Alphabet games, counting, coloring, and sorting virtually all preschool programs incorporate these basic learning exercises. But what makes Winnie the Pooh Preschool special is its utterly charming storyline that gives little ones the feeling that they are truly involved and helping out a beloved friend, Winnie the Pooh.
A gorgeously animated video, in which Pooh struggles with the feeling that he is "forgetting to remember" something, opens the program and immediately sweeps kids up. When it dawns on Pooh that it is Eeyore's birthday, he wants to visit all of his friends to share the news. At this point, preschoolers get a chance to choose the house or location they want to visit first whether it's Piglet's house, a special tree, or any of the other seven locales in Hundred Acre Wood. No matter where they click, the narrator reminds them that they are very much involved in a wonderful story! For example, if children select Tigger's house, they are told, "And so, Pooh set off to find Tigger."
Activities all tie in with the story, and charming sequences show Pooh interacting with his Hundred Acre Wood buddies. Rabbit, for example, needs help labelling his jars of vegetables and fruits, and once kids have helped him out, he decides that a jar of preserves will make a fine gift for Eeyore. Kanga and Roo need to make alphabet soup for the party, but there are letters of the alphabet missing!

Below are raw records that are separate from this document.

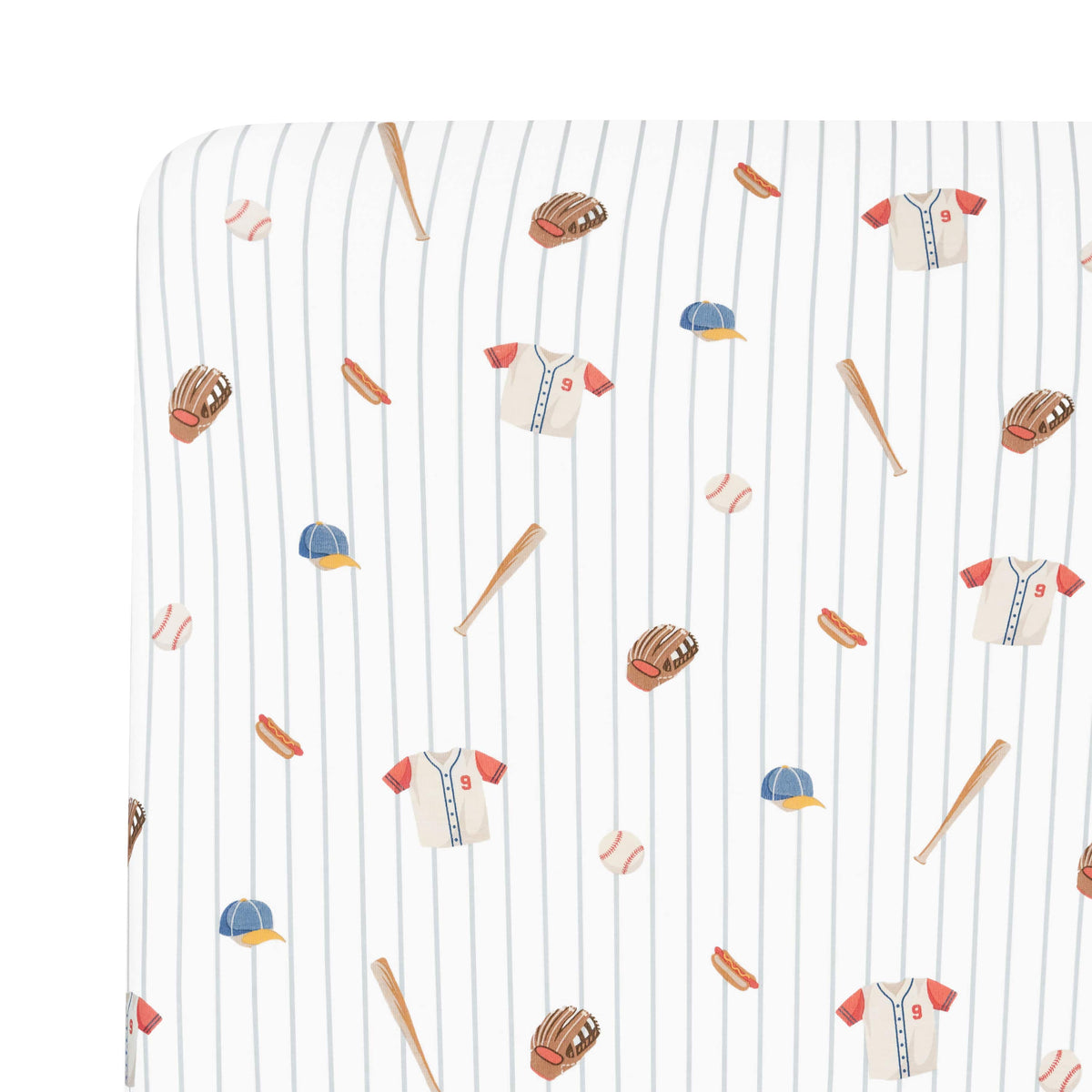 Close up of the Twin Sheet in Home Run on a mattress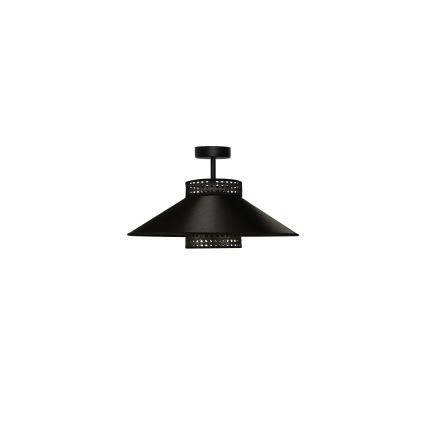 Duolla - Candeeiro integrado RIO RATTAN 1xE27/15W/230V diâmetro 45 cm preto/dourado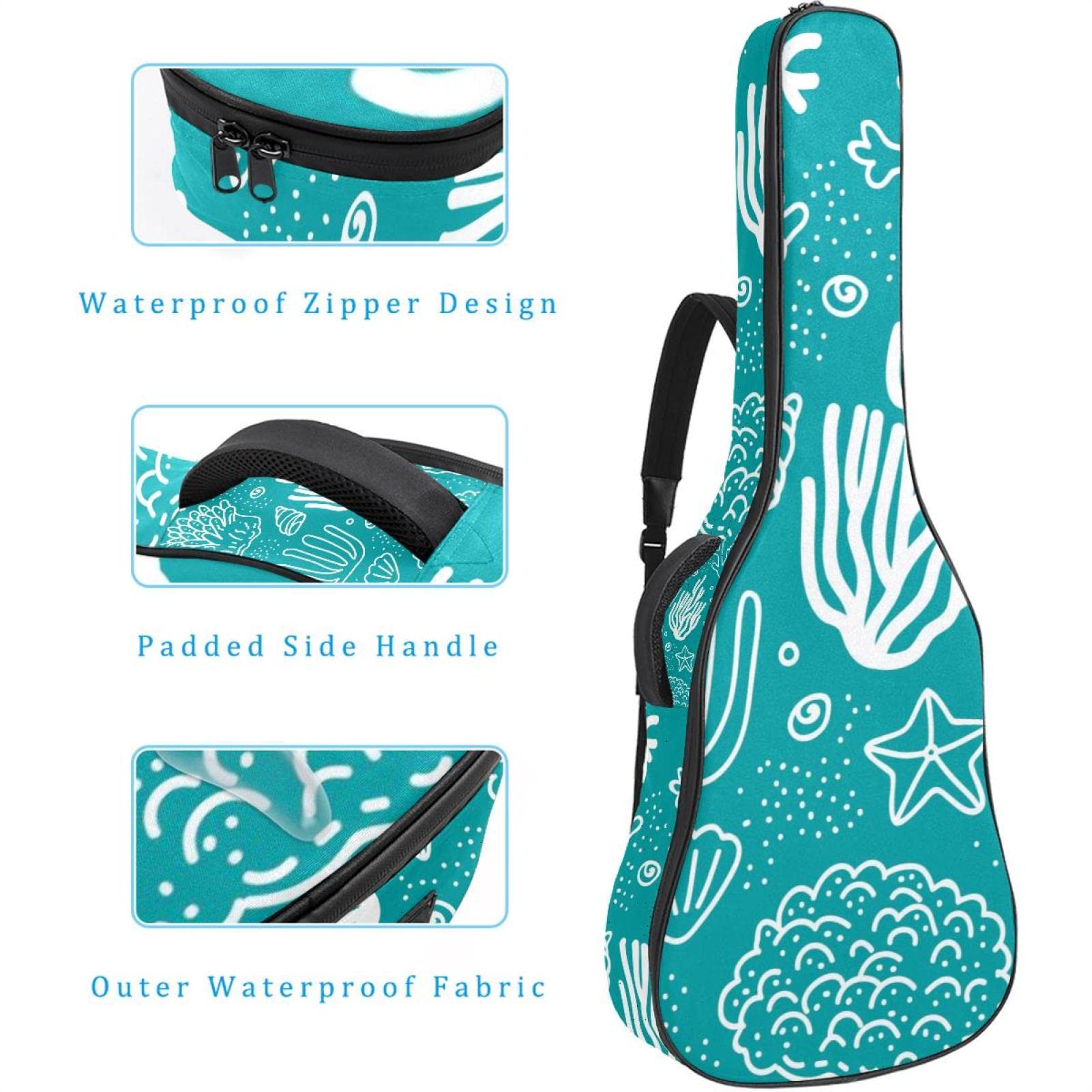 Akustikgitarrentasche Wasserdicht Gitarre Rucksack Dicke Weich Gepolstert Geometrisch Blau Klassische Gitarre Tasche, Farbe8, 42.9x16.9x4.7 in, Taschen-Organizer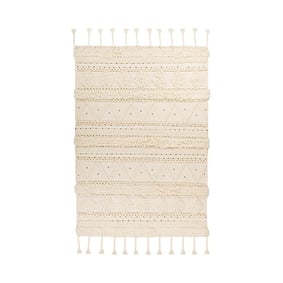 Bohemian vloerkleed - Basai Fringe 525 Creme - product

Many of the activities have adjustable difficulty levels that are child-controlled. The grandfatherly narrator provides words of encouragement and congratulations, and is always around to make helpful suggestions. Pooh's voice accompanies kids wherever they go. Parents will find his comments as endearing as their preschoolers do. The very fact that Pooh is, quite characteristically, unsure of himself and confused makes helping him out all the more fun.
All of the basics are covered in the program's activities. Children examine pictures and attempt to color their paintings in a like manner at Piglet's house. On the highest level of difficulty, they need to mix colors to make new ones. Players load pipes into Tigger's music machine after matching the sounds they hear with the correct pipes. Owl is sorting through his family photographs, but finds the task rather "confounding." Players help sort the photos by grouping similar ones together. As levels advance, the pictures become increasingly more similar. Rabbit's jars of fruits and vegetables need to be labelled with numerals, filled with specific numbers of different produce, or both, depending on the level of difficulty. The alphabet-soup activity requires kids to add missing letters of the alphabet to the big pot of soup. They work with both lower- and uppercase letters as they add letter noodles and food items that begin with each letter (e for egg, z for zucchini, etc.) to the pot. Roo's toys have tumbled out of their boxes, and kids help clean up by sorting the toys by theme such as "a rainy day" or "musical instruments." There is even a dream sequence in which Pooh needs to climb clouds to get to his friends or a big pot of honey. Children complete logical picture sentences, such as determining what happens when an ice cream cone is paired with the hot sun.
Finally, a foreign language activity (new to this 2001 version) rounds out the cross-curriculum learning. The presentation of this latest addition is very charming Pooh stumbles upon a special tree that repeats the words that he speaks in either Spanish or French (parents select the language by pressing Ctrl-F on the navigation screen). Objects, numbers, and colors appear in Pooh's thought bubble. Children watch as Pooh speaks their names into the hollow in the tree, and wait for their foreign language equivalent to be called out from its depths. At one point, Pooh even breaks out into song, singing about shapes like diamonds and squares, and the special tree dutifully translates these into the selected foreign language. Children loved this activity!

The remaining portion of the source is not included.